==== Material for this exercise
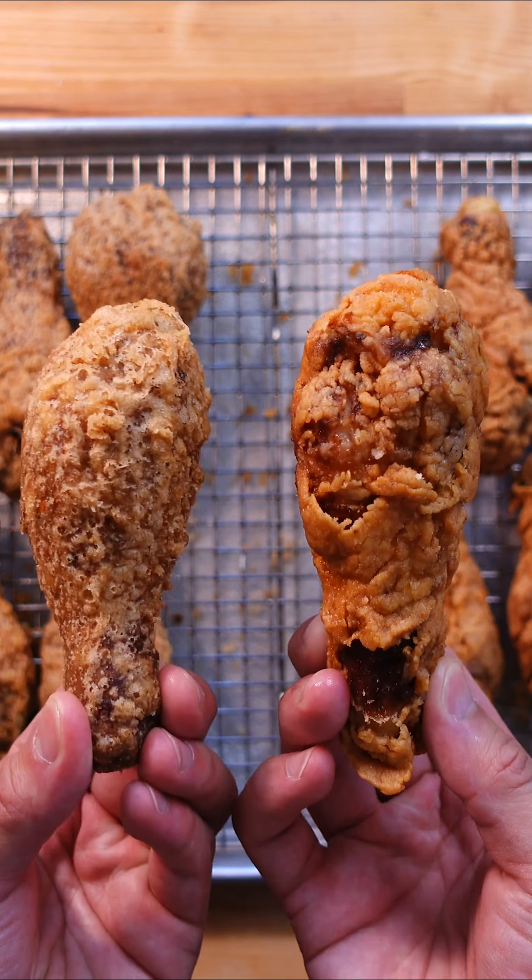I glazed the fried chicken and it was finally time to put these two head to head. That sauce is money. It's still incredibly juicy even after being brined for only 45 minutes.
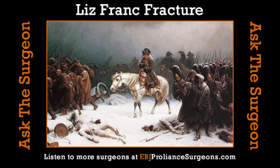We want to get into the foot, and we have a particular interesting fracture called a Lisfranc fracture. Tell us about a Lisfranc fracture.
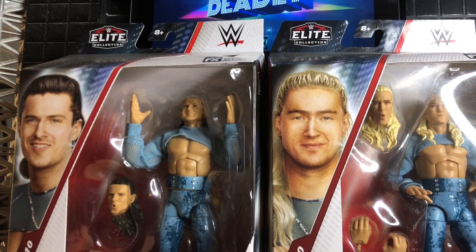Hey guys, Kit Wilson, Elton Prince — Pretty Deadly have arrived in the Elite line for their first ever figures. Josh here, back with another video. Today we're taking a look at the brand new WWE Elite Series 110, Kit Wilson and Elton Prince, Pretty Deadly. Finally, at long last, we have gotten one of probably the most underrated tag teams in WWE right now. I'm such a huge fan of these guys. They're absolutely talented and they deserve better, in my opinion, on WWE TV right now.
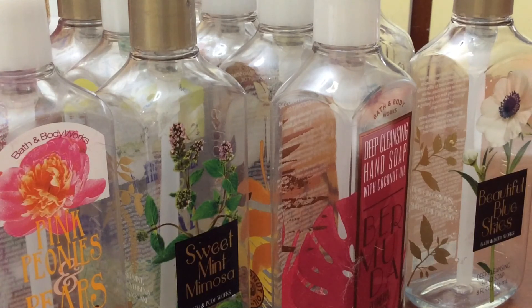And that is my entire body care empties for the months of April and May. I hope you all have a great day and I'll see you in my next video!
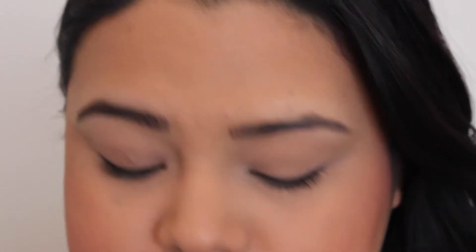Now you can see the difference in my brows — this side definitely looks a lot better than the other side. I'm going to go ahead and speed up this eyebrow for you guys, and then I'll be back at the end to show you how I set my brows.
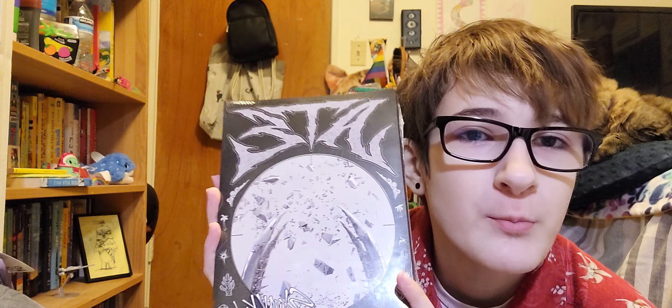Hello guys, welcome to another unboxing video! Today we're unboxing Stray Kids' Eight — Boom version, which is the version that most people wanted, so that's why I got it. I saw somebody unbox this version and I like this photo book a little bit more.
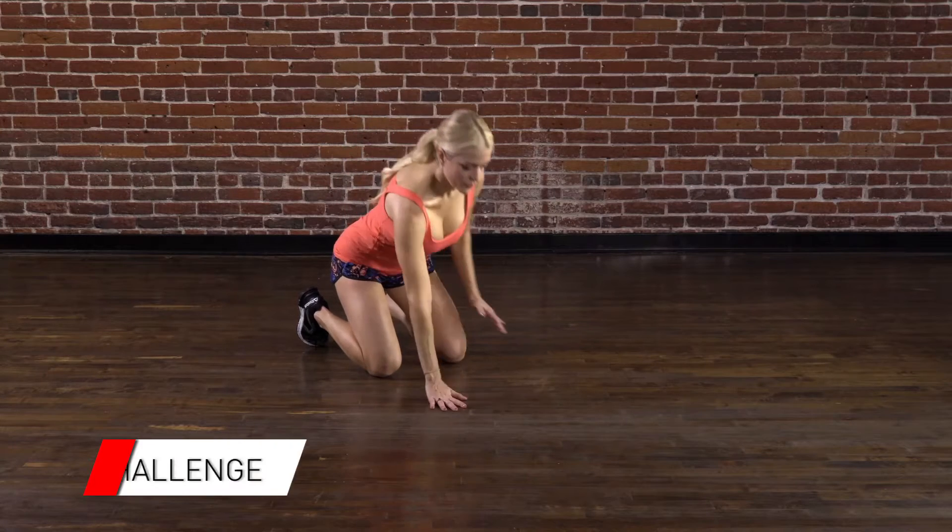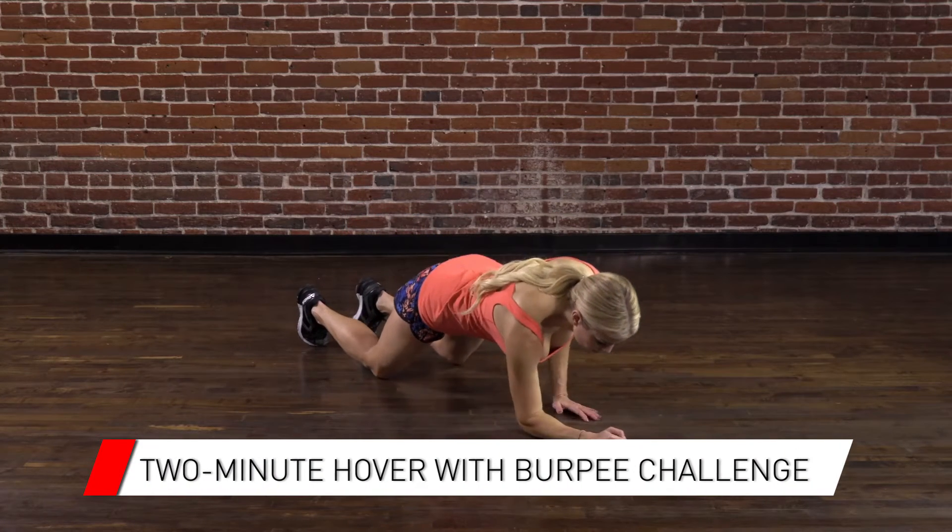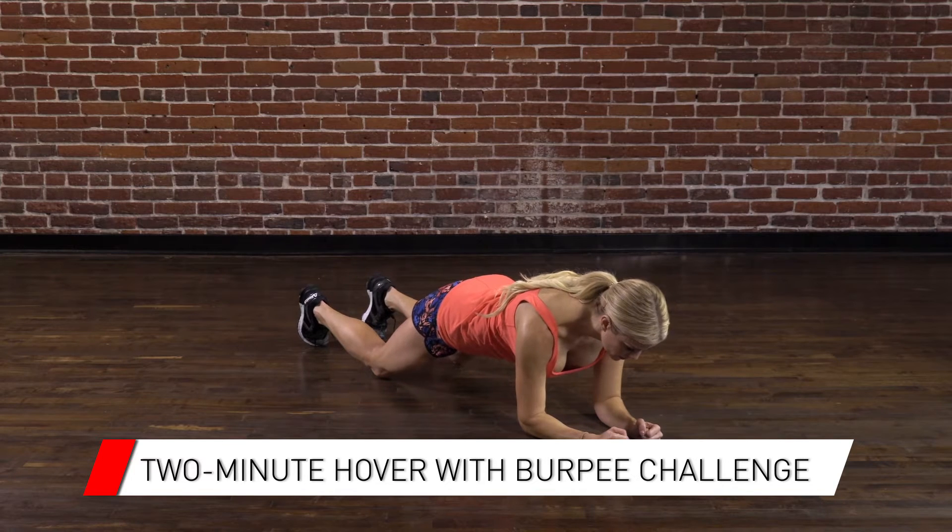Two-minute hover with burpee challenge. Do this challenge with a partner or challenge yourself.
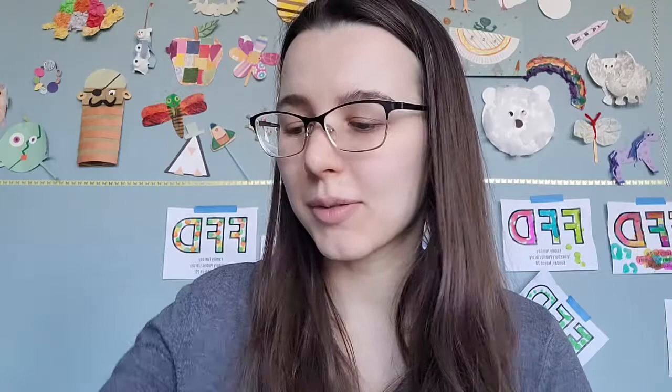You'll notice with the primary colors — we have the red here — there aren't any color changes. It's just all red all the way through. That's because it's a primary color. So if you had blue or yellow, it would be exactly the same thing.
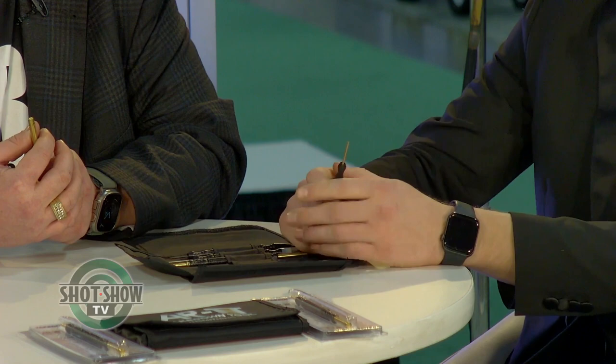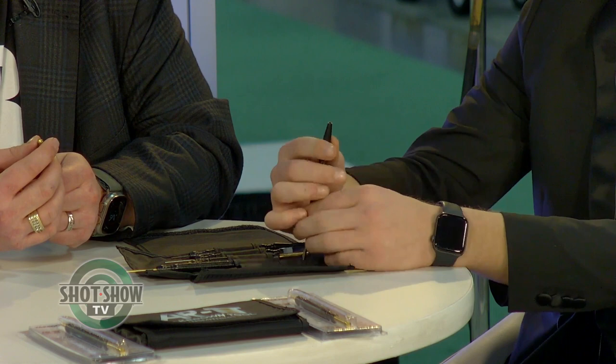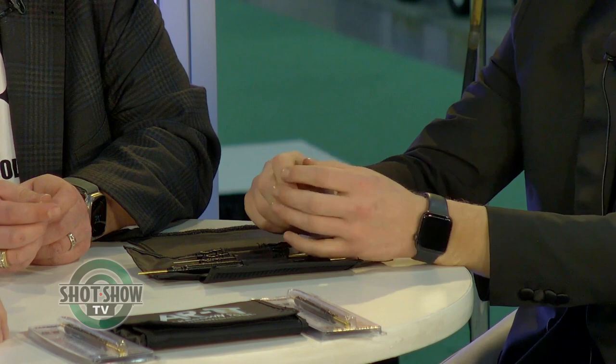It depends on what platform you're using — if you don't want to damage your gun at all, use the brass. We also have the AK steel pin as well, which is for heavier platform firearms, and it also serves as a roll pin starter for larger roll pins. Another feature of the AR Takedown Tool is you can use this tip to take apart and clean the bolt as well, which is very important.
========
Exercise description: What is needed is an exact transcription of the lines from the one containing "Two-minute hover with" through the last line of the records above, both included, with no pictures.

Exercise result:
Two-minute hover with burpee challenge. Do this challenge with a partner or challenge yourself.
You'll notice with the primary colors — we have the red here — there aren't any color changes. It's just all red all the way through. That's because it's a primary color. So if you had blue or yellow, it would be exactly the same thing.
It depends on what platform you're using — if you don't want to damage your gun at all, use the brass. We also have the AK steel pin as well, which is for heavier platform firearms, and it also serves as a roll pin starter for larger roll pins. Another feature of the AR Takedown Tool is you can use this tip to take apart and clean the bolt as well, which is very important.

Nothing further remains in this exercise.